His name was in the metadata. Designed by: Li Xian.

Her throat tightened. She scrolled through the elevations, the neat annotations. He had anticipated objections before she'd voiced them, layered in small details like apologies—storage here, privacy there, a window angled to catch a view she hadn't known she wanted until he sketched it.

He had always done that. Put himself between her and discomfort before she noticed the cold.

And then he'd stopped.

She had thought it would feel like freedom. Instead, the world had grown sharp edges. Deadlines that used to rearrange themselves now crashed against each other. Coffee turned bitter without anyone quietly replacing her usual beans after a bad week.

Absence, she realized, wasn't emptiness. It was the outline of where something used to be.

Her email chimed softly.

FROM: Li Xian

SUBJECT: Re: Arcadium Residential Complex – Phase 2 Design Review

7pm works.

She read the four words too many times.

Work. It was work. That was all.

But her hand lifted to her throat, fingers brushing the phantom weight of a necklace he had once fastened for her five minutes before a product launch, his hands so steady while hers shook. She had never worn it again.

"Control," she told herself, the old mantra. "You are in control."

Control meant setting the terms. Control meant not owing anyone anything.

Except she owed him something now, didn't she?

Three years of presence. Three years of umbrellas held between her and the rain, of jackets draped over chairs, of house designs she'd rejected because accepting would have meant admitting she wanted to be seen that completely.

Emotional debt.

She had spent those years insisting every favor was a transaction, every kindness a loan she could refuse. But debt collected interest, quietly.

Tomorrow, at seven, she would sit across from him in a room that still remembered his footsteps. She would talk about façades and light and market positioning.
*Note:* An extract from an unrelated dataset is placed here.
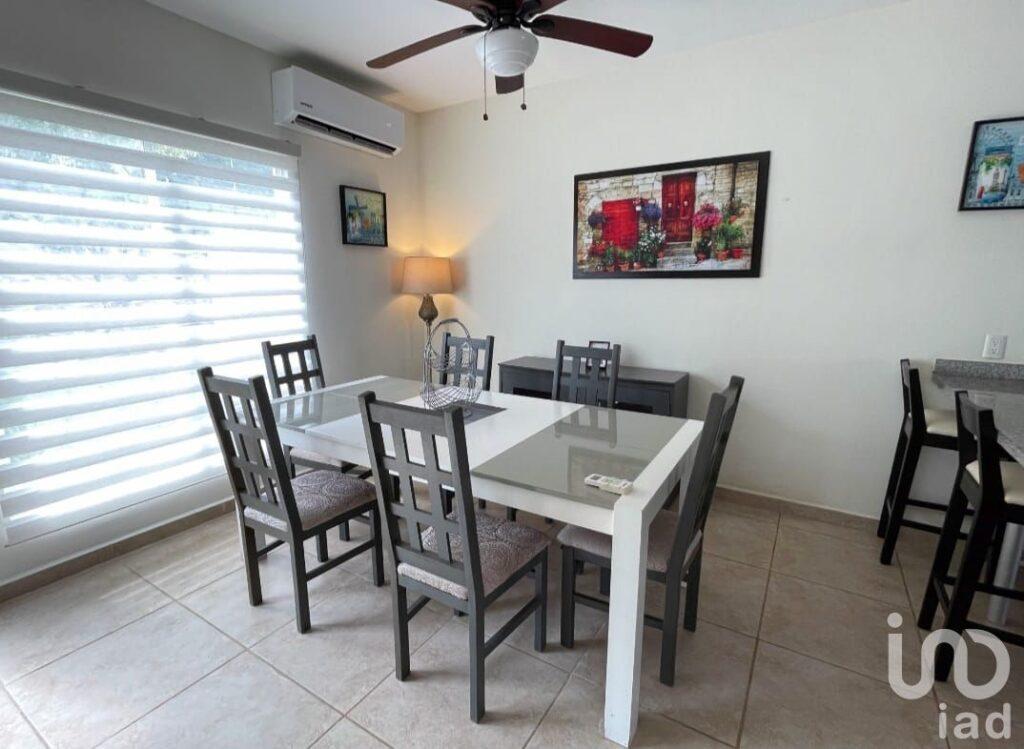 CASA PRIVADA ESMERALDA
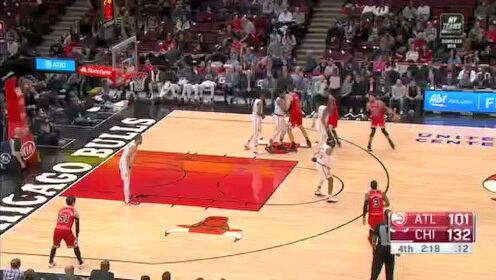 《NBA全场回放》【原声回放】老鹰vs公牛第4节 帕森斯底角三分稳稳命中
And under the table, where no one could see, her hands would have to decide whether to reach across the gap they had both carved.

Outside, the rain began to fall harder, stitching the city together with silver threads. Somewhere, beneath the neon and glass, the hidden force that had nudged messages and meetings into place watched the currents shift.

It did not push. Not yet.

People, it had learned, were most dangerous when left alone with the sound of their own absence.